Forced sterilisations for thousands in southern China crack-down

Anyone who thought China was softening its one-child policy will have to think again after news that one local government in southern China is forcing thousands of couples to undergo sterilisation -- and, in many cases, holding their parents hostage to ensure they comply.

Nanfang Rural News -- a paper that reputedly sails close to the wind of official censorship -- reported that the government in the city of Puning has drawn up a list of nearly 10,000 people suspected of intending to have a second or third child. Around half that group has agreed to sterilisation.
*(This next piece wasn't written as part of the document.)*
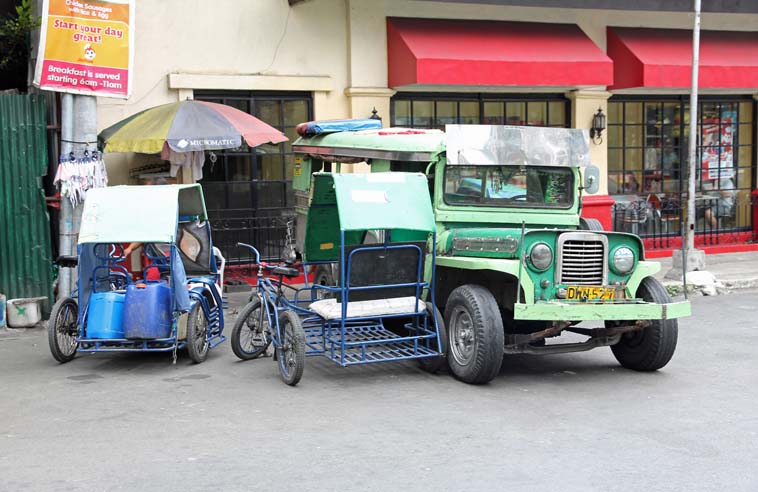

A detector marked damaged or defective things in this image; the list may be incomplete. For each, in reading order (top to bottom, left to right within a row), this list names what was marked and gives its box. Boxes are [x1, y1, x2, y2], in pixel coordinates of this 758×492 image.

rusty metal panel [0, 93, 54, 308]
But hundreds of senior citizens are being held captive to encourage the others:


The 1,377 detained people include some of those who have so far refused, but mostly consist of their parents. Witnesses said that they were being held in cramped, damp conditions, including one group of 200 which had been herded into a hundred-square-metre room. "The room was too small for all the people to lie down and sleep," the Nanfang Rural News said. "The young ones had to stand or squat." The detainees are being lectured on family planning rules.

Huang Rufeng, a father of three, said that he and his wife had refused to be sterilised. "Several days ago, a village official called me and asked me or my wife to return for the surgery," he told the newspaper. "Otherwise they would take away my father." He says that his 64-year-old father has since been removed.

The 20-day sterilisation campaign seems to be a reaction to laxity on the part of family planning officials, 63 of whom have been punished. “It’s not uncommon for family planning authorities to adopt some tough tactics,” an employee at the Puning Population and Family Planning Bureau told one newspaper.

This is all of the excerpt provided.